We left the camper plugged into the wall so the batteries would stay charged and so the mice-repellent wonders could do their job.

So how did they work? Let’s just say that if the camper was a venue for country or rock concert events it would have been a full house every weekend. Even though we were loaded up with these wonder devices, more than twice as many as they say were required to be effective, there was mouse sign everywhere.

You know the old saying that if it sounds too good to be true it is probably too good to be true.  Save your money.

In the past we just used the old standby poison pellets and dryer sheets to control mice. A friend used the same method in his lake cabin a few years back, and when spring came the mice had moved all of the poison pellets from his half-dozen spread-out locations to one location under the covers on one of the beds in the lower floor. Oh, what a nice surprise.

At that point we started using poison blocks instead of pellets.  The blocks were too big for the mice to carry around.

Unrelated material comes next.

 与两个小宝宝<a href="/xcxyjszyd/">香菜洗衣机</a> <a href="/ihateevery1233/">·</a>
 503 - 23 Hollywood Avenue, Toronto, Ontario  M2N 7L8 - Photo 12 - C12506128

So the electronic methods of mice control don’t work and we are back to the more conventional methods.

There is one big drawback to the conventional methods, and that is how often I hear about dogs or other pets getting into the poison locations and getting sick. That can be serious if ingested in amounts large enough.

I solved that problem with about $15 worth of materials.  

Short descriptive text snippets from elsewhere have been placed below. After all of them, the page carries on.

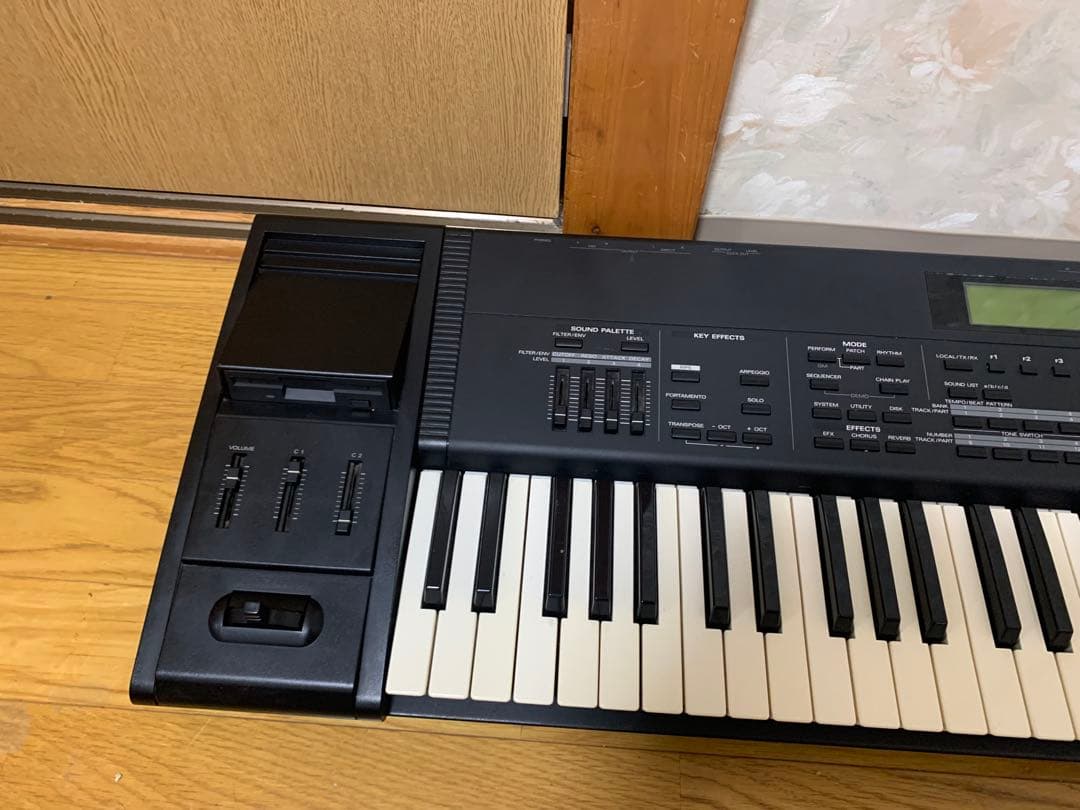 Roland XP-60 音楽ワークステーション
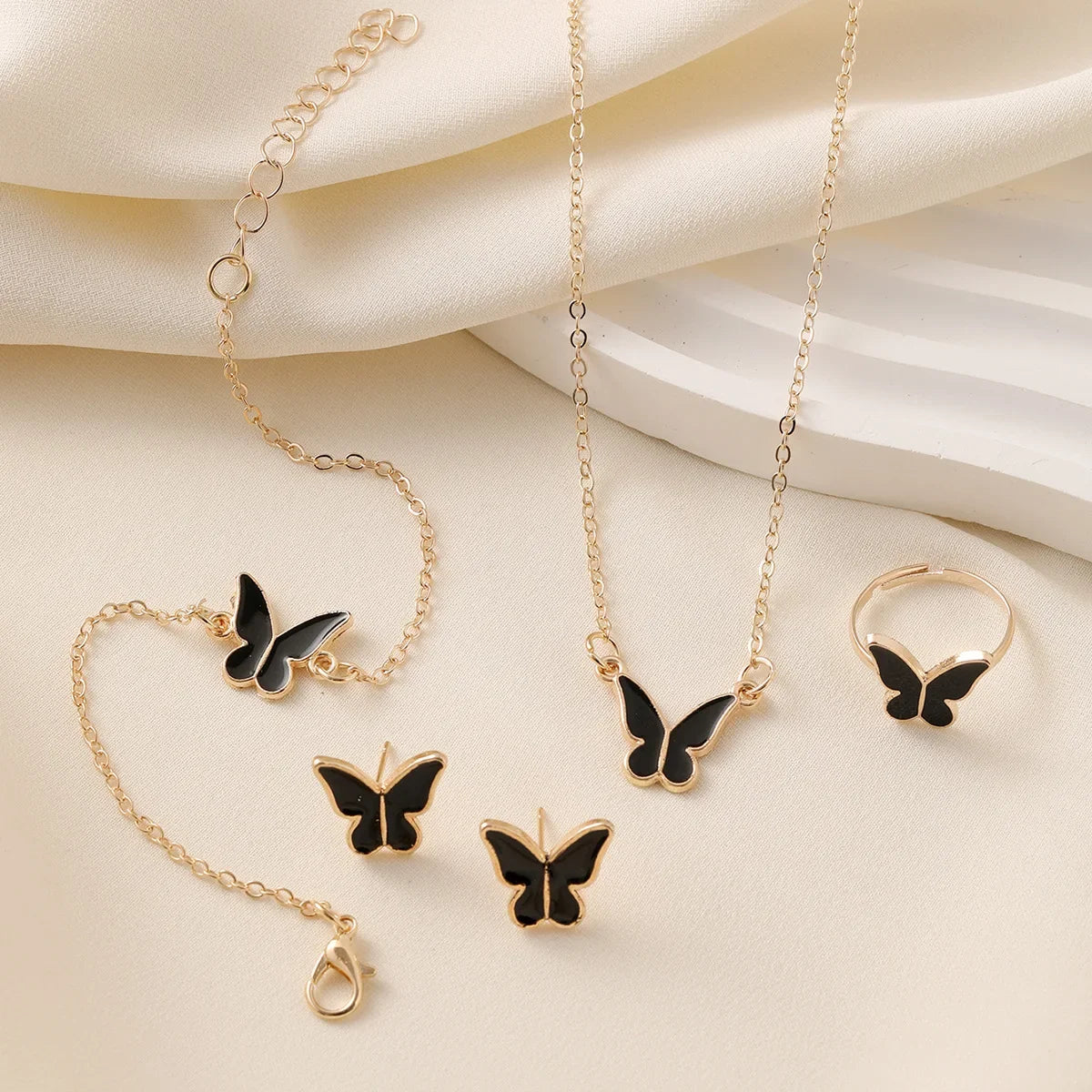 4-delige sieradenset – vlinder hanger en imitatie parel sieraden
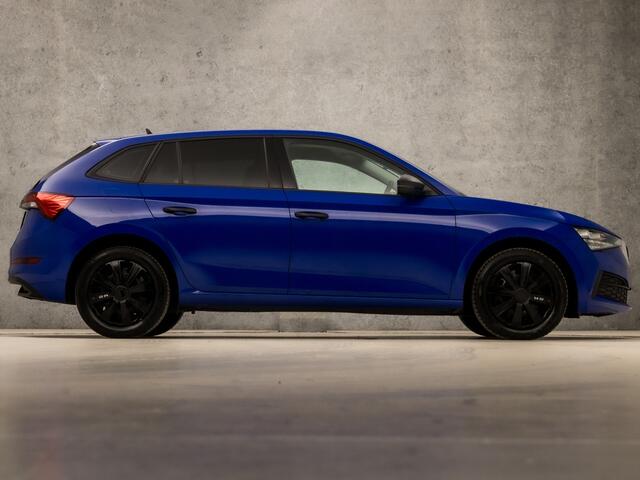 Skoda SCALA 1.0 TSI Sport (APPLE CARPLAY, GETINT GLAS, SPORTSTOELEN, AIRCO, LED KOPLAMPEN, DAB+, NIEUWSTAAT)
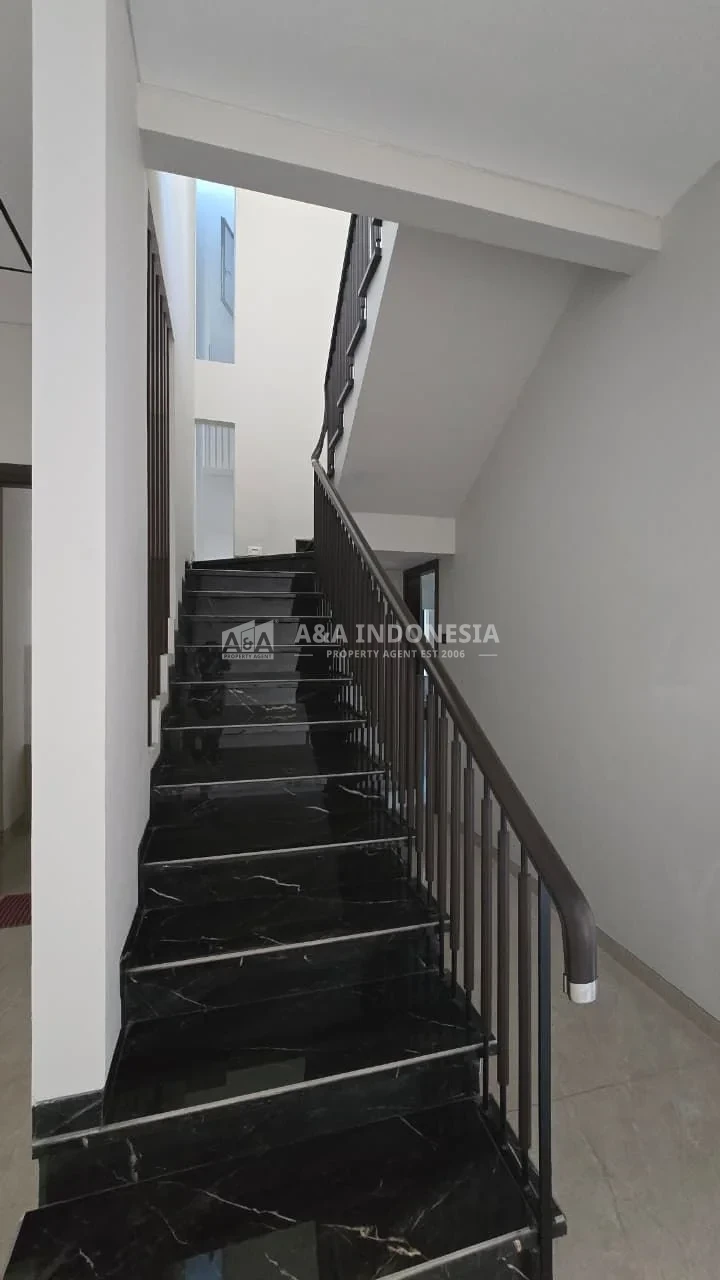 Rumah baru international village, Citraland utama, Surabaya Barat - Thumbnail 8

You purchase a 10-foot long section of PVC 1.5-inch diameter pipe. Add to the list three T’s and several mounting clamps that hold this kind of pipe to the wall.  You will need some PVC glue as well. Cut the PVC pipe into three sections 18 inches long and six pieces eight inches long. Glue the pieces into three separate units that all look like an upside-down capital letter T.

Attach the unit to the wall, with the tall segment running vertically and the short segments flat on the floor using the clamps. Fill the unit from the top, filling the tall upright with poison. I would use the small blocks of poison and not the pellets. The mice enter along the floor and eat what they can and then leave. You can fill the unit with many poison blocks that might last you most of the year.

The mice can easily reach your tempting offering, and there is no way for a dog or other pet to get into the poison and consume it.

If you put these outside, you will need to purchase a few PVC pipe caps of the appropriate size.  You don’t glue these in place and just remove them by hand as needed to add more poison and then replace the cap.

I have a few of these around my makeshift campfire building on my wildlife property, and if I fill them three times per year, that would cover me in most years.

The mice like to chew the battery caps off the battery in my Polaris Ranger, which I store in a separate smaller building. The only thing I have found to work for any length of time in this kind of situation is an old worn-out sock filled with moth balls. Add one under the seat in the storage area and another in or around the battery compartment. They last one season and don’t fall apart the first time they get wet.

Batteries have been safe ever since. There is lots of wildlife out and about this time of year. Get a wildlife ride scheduled for this weekend and see for yourself. Mice beware!